Data extract:

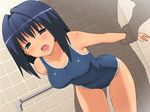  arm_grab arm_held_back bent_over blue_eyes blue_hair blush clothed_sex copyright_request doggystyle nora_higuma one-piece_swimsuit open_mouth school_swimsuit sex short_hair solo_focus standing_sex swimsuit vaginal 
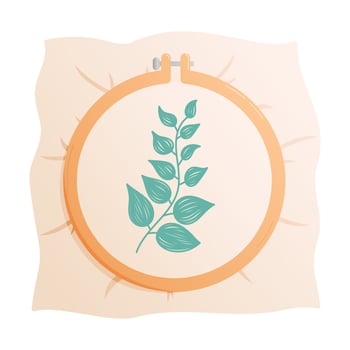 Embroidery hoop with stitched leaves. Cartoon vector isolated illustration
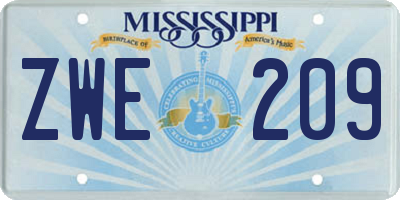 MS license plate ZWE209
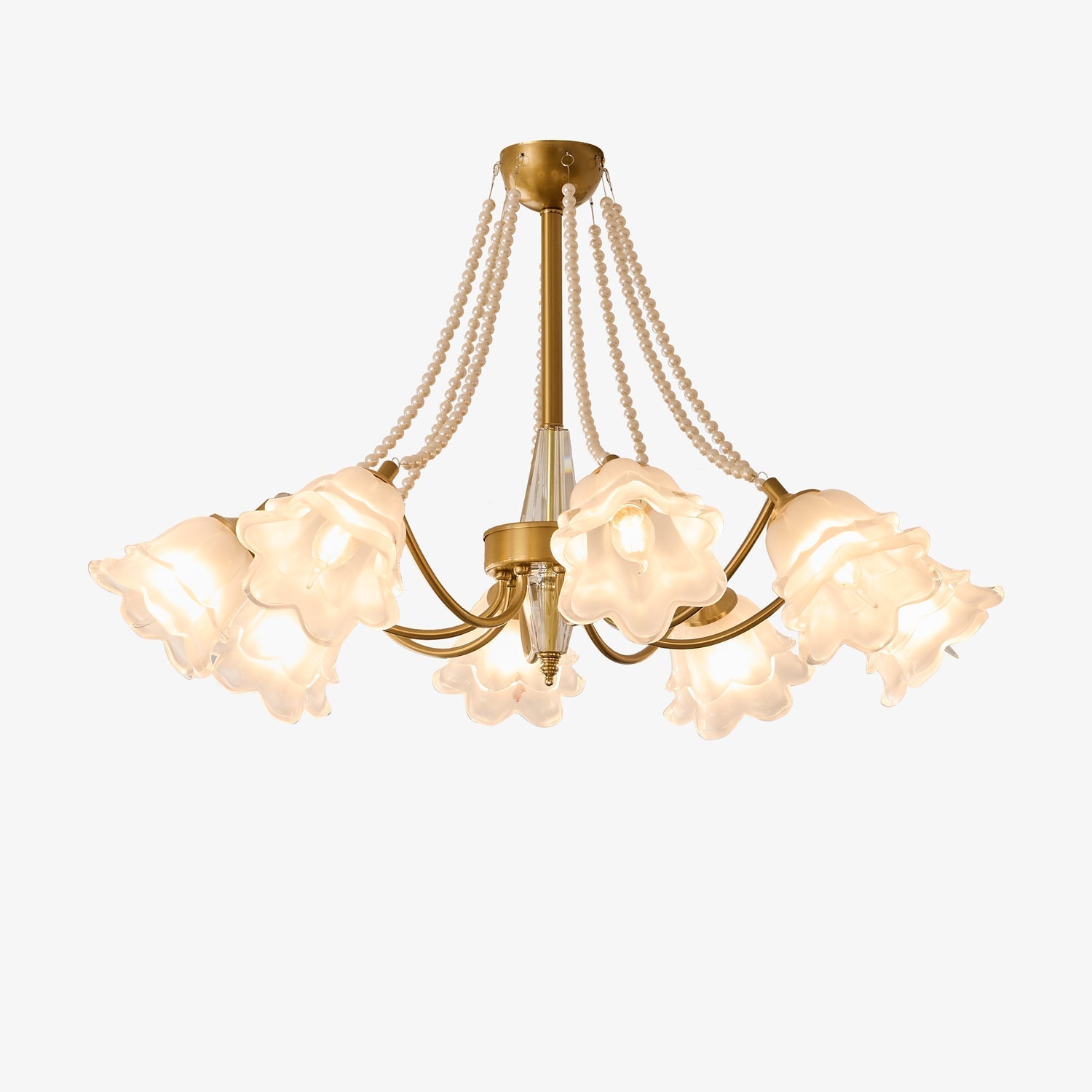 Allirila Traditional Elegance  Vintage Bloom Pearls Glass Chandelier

Work instruction: Reproduce the data verbatim and omit each image.

Written solution:
  arm_grab arm_held_back bent_over blue_eyes blue_hair blush clothed_sex copyright_request doggystyle nora_higuma one-piece_swimsuit open_mouth school_swimsuit sex short_hair solo_focus standing_sex swimsuit vaginal 
 Embroidery hoop with stitched leaves. Cartoon vector isolated illustration
 MS license plate ZWE209
 Allirila Traditional Elegance  Vintage Bloom Pearls Glass Chandelier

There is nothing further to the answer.